Birmingham Bears 198 for 2 (Mousley 60*, Moeen 59, Hain 52*) beat Derbyshire 154 (Briggs 3-24) by 44 runs
Birmingham Bears booked a home quarter-final in the Vitality Blast by comfortably beating Derbyshire Falcons by 44 runs at Edgbaston.
Bears piled up 198 for 2 thanks to powerful half-centuries from Dan Mousley, Sam Hain and Moeen Ali.
A modest start (21 from four overs) turned into a daunting total of which Falcons fell well short at 154 all out from 19.2 overs. No-one passed 30 as spinners Danny Briggs and Jake Lintott dismantled the top and middle orders to take their combined T20 wicket tally to 379.
Bears can now look forward to a home tie in the last eight in which they will aim to avoid the choke which has afflicted them at that stage in the last three seasons. Despite this damaging defeat, Falcons can still qualify but are under pressure to win their last two games, starting at Worcester next Thursday.
Put in, Bears made a subdued start, taking just seven runs from the first 15 balls. Mohammad Amir produced a beauty to have Alex Davies caught behind and Bears hit only four fours in the powerplay which they ended on 41 for 1.

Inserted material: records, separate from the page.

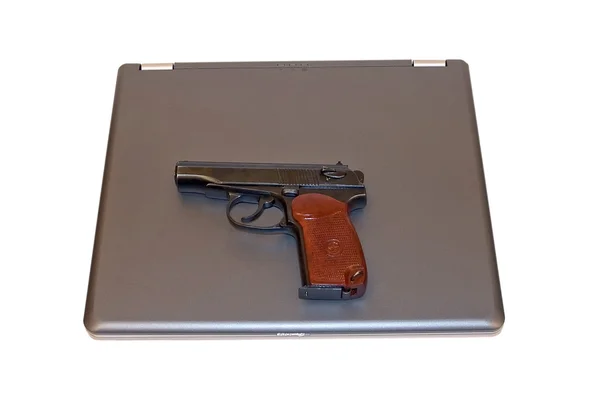 Пистолет лежит на ноутбуке — стоковое фото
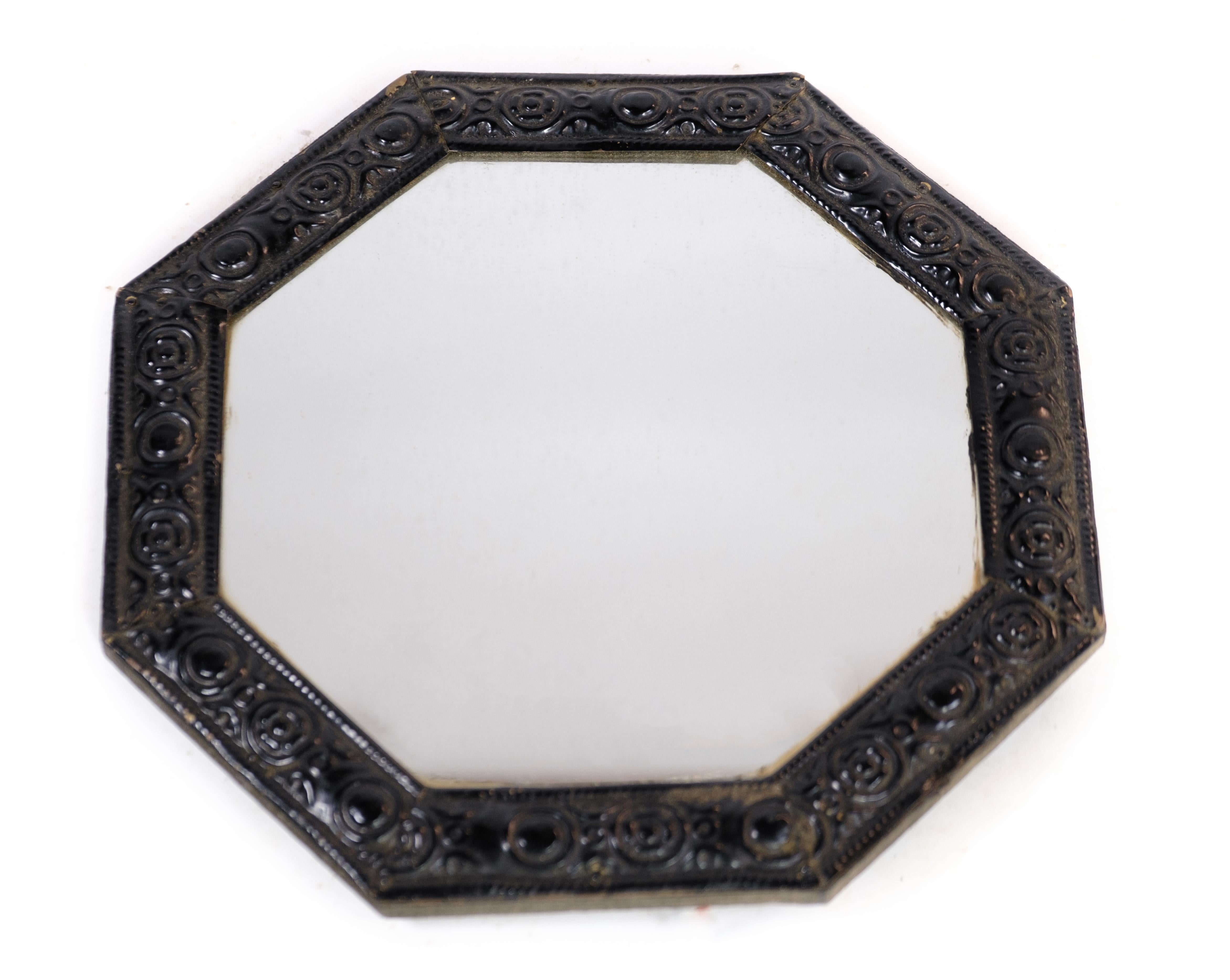 Antique mirror in dark wood from around the 1890s.
Dimensions in cm: H:30.5 W:30.5

This product will be inspected thoroughly at our professional workshop by our educated employees, who assure the product quality.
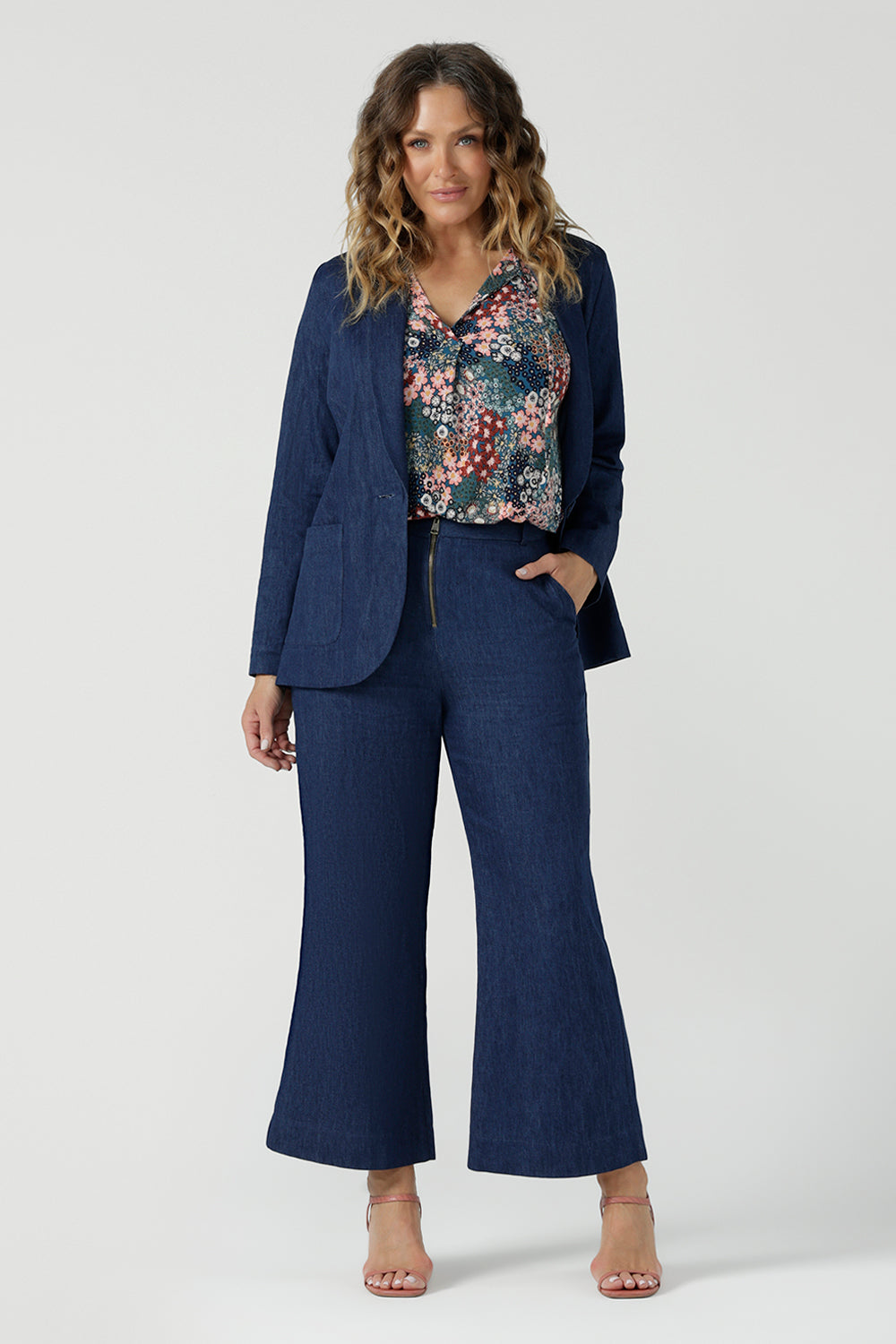A size 10 woman wears the Dutton Petite pant in Vintage Denim. A pentite friendly comfortable jean. Made in Australia for women petite to plus size 8-24. Styled back with a vintage denim blazer.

Moeen than exploded into aggression. Having meandered to 25 from 23 balls, he thundered to 50 in just another five with four sixes in five balls off Samit Patel and Alex Thomson. Pat Brown unfurled a clever slower ball which Moeen gloved behind but the impetus created by the captain was emphatically taken up by Mousley and Hain in an unbroken third-wicket partnership of 111 in 62 balls.
Mousley reached his eighth T20 half-century, and second in successive games, from 39 balls. Hain followed to his 33rd T20 half-century from 29 balls, one of which was smashed for arguably the most glorious six in the history of T20, over extra cover off Amir.
Falcons enjoyed a strong powerplay, reaching 60 for 1 for the loss of Luis Reece, who skied George Garton to mid-on, but thereafter the scoreboard pressure took its toll.
David Lloyd lifted his first ball for six but was bamboozled and bowled by Briggs' first ball. Lintott also struck in his first over when Aneurin Donald sought the crowd over long-off but found only Mousley just inside the boundary.
Wayne Madsen and Patel have the talent to tackle the biggest chases but when they perished in the space of four balls Falcons' challenge was over. Patel hit three sixes on his way to 28 but then sliced Lintott to extra cover. Hain collected that catch and was there again when Madsen lifted a drive at Briggs.
The potentially destructive Ross Whiteley fell lbw slog-sweeping at Briggs and Falcons drifted further and further behind the required rate in a fixture that it unlikely to feature on the back pages of tomorrow's papers.